Tusk publikuje oświadczenie. Reakcja na spotkanie Trump-Putin

Dodano:
Premier Donald Tusk Źródło: PAP / Leszek Szymański
Premier Donald Tusk opublikował oświadczenie europejskich liderów ws. spotkania Donalda Trumpa z Władimirem Putinem na Alasce. Padła stanowcza deklaracja.

Komunikat, pod którym podpisali się szef polskiego rządu, a także prezydent Francji Emmanuel Macron, premier Włoch Gorgia Meloni, kanclerz Niemiec Friedrich Merz, premier Wielkiej Brytanii Kei Starmer, prezydent Finlandii Alexander Stubb, przewodniczący Rady Europejskiej Antonio Costa i szefowa Komisji Europejskiej Ursula von der Leyen, został wydany po zreferowaniu europejskim liderom przebiegu rozmów z Władimirem Putinem przez Donalda Trumpa.

"Ukraina musi mieć żelazne gwarancje bezpieczeństwa"

"Przywódcy z zadowoleniem przyjęli wysiłki prezydenta Trumpa mające na celu powstrzymanie zabijania w Ukrainie, zakończenie rosyjskiej wojny agresywnej i osiągnięcie sprawiedliwego i trwałego pokoju" – czytamy w oświadczeniu europejskich liderów, które Donald Tusk opublikował na swoim profilu na portalu X.

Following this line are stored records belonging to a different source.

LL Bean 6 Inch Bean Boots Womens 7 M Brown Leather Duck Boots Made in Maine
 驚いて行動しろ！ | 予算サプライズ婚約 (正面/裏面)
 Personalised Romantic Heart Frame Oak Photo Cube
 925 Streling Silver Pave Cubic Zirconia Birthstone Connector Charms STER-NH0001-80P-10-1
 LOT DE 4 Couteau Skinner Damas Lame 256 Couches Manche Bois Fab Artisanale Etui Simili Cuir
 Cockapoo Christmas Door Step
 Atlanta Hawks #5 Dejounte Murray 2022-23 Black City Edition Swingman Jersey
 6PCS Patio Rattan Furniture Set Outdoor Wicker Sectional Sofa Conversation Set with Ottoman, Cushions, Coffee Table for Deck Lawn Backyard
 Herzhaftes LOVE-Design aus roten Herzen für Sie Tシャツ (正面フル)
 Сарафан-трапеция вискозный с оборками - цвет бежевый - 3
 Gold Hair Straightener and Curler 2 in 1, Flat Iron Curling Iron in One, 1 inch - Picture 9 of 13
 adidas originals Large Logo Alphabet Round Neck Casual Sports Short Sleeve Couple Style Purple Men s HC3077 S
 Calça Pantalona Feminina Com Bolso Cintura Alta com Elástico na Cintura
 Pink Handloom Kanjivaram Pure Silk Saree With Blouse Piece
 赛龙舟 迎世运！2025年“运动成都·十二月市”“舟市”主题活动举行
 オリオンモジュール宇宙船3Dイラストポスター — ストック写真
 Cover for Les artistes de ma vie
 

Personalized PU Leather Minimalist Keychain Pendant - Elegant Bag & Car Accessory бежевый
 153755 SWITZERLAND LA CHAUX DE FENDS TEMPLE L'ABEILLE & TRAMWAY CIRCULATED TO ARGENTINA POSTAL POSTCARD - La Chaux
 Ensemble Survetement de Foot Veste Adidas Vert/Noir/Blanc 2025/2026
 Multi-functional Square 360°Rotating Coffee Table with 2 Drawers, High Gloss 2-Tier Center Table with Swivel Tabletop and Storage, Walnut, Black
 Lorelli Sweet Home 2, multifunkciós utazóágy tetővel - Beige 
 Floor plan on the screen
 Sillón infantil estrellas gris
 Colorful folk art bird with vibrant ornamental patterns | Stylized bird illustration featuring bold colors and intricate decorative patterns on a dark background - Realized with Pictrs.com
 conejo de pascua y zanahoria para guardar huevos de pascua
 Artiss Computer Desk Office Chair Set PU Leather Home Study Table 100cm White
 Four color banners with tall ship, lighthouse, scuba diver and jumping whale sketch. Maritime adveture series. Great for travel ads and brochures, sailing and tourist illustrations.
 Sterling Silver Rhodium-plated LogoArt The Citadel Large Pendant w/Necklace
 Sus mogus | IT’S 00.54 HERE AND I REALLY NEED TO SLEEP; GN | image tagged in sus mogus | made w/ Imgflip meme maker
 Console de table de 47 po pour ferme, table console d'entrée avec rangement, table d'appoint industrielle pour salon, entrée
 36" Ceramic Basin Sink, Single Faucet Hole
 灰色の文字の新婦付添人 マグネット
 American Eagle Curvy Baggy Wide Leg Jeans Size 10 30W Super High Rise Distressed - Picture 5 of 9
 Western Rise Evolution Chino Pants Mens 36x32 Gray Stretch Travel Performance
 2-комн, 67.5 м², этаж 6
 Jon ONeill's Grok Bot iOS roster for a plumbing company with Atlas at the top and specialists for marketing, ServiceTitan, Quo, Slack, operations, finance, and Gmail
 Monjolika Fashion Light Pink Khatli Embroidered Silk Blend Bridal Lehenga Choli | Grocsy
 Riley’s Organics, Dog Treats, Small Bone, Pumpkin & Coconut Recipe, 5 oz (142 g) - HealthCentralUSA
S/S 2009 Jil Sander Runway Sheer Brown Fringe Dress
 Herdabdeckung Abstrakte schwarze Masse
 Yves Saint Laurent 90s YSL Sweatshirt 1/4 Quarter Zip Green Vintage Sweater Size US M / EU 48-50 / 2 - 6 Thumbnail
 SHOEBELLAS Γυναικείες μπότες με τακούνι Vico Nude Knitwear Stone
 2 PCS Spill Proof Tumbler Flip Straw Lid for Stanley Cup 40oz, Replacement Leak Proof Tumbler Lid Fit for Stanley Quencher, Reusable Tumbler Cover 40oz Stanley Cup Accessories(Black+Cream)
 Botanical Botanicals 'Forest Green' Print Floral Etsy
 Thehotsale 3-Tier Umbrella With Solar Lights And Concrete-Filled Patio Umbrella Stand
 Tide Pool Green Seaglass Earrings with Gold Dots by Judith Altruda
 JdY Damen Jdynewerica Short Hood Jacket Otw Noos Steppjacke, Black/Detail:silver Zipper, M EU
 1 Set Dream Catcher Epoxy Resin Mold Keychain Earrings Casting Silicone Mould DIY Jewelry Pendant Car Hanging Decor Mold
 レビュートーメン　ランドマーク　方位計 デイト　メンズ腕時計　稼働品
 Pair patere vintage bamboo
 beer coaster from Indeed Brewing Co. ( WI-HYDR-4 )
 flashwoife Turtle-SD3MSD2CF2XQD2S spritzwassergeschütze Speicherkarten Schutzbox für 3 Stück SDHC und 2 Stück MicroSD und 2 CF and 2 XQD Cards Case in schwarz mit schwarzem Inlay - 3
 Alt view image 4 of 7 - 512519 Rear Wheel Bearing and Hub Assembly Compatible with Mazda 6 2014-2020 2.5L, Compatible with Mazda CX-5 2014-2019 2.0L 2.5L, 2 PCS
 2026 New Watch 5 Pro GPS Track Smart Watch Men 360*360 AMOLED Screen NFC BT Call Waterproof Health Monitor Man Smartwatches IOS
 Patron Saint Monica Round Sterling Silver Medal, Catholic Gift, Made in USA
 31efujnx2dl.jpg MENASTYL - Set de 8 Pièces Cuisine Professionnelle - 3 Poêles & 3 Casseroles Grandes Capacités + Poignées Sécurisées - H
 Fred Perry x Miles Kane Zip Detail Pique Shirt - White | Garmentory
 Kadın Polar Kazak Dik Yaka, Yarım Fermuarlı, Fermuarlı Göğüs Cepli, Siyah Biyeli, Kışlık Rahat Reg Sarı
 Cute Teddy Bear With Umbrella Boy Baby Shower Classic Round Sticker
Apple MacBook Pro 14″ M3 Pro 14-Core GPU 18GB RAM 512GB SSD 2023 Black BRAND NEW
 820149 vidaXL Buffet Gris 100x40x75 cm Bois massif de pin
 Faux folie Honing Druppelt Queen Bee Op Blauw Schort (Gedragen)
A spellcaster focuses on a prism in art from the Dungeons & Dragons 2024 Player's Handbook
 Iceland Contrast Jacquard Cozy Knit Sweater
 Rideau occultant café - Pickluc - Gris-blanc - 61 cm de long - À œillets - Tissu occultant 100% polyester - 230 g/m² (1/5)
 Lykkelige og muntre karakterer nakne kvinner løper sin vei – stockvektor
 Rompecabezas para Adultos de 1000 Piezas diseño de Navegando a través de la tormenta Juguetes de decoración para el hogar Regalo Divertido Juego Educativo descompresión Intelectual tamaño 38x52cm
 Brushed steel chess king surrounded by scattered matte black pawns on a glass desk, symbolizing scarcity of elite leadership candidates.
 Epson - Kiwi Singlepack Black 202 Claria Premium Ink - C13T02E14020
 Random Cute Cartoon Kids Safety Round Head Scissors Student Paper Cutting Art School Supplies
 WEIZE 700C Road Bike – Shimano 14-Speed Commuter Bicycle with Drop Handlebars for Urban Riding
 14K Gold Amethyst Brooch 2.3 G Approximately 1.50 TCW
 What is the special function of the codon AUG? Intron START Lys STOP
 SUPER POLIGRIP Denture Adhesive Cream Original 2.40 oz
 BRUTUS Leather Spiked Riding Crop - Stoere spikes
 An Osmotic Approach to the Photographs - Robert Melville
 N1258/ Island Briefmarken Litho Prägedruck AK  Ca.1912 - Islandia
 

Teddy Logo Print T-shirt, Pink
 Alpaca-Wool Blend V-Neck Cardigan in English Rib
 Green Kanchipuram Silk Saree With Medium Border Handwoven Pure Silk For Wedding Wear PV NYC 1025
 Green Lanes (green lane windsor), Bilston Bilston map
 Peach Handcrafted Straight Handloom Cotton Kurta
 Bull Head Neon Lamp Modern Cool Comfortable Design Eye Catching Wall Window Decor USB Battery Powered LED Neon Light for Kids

Przywódcy wyrazili gotowość do współpracy Donaldem Trumpem i Wołodymyrem Zełenskim "w celu zorganizowania trójstronnego szczytu". "Jesteśmy przekonani, że Ukraina musi mieć żelazne gwarancje bezpieczeństwa, aby skutecznie bronić swojej suwerenności i integralności terytorialnej. Z zadowoleniem przyjmujemy oświadczenie prezydenta Trumpa, że Stany Zjednoczone są gotowe udzielić gwarancji bezpieczeństwa. Koalicja Chętnych jest gotowa odegrać aktywną rolę. Nie należy nakładać żadnych ograniczeń na siły zbrojne Ukrainy ani na jej współpracę z państwami trzecimi. Rosja nie może mieć prawa weta wobec drogi Ukrainy do UE i NATO" – czytamy.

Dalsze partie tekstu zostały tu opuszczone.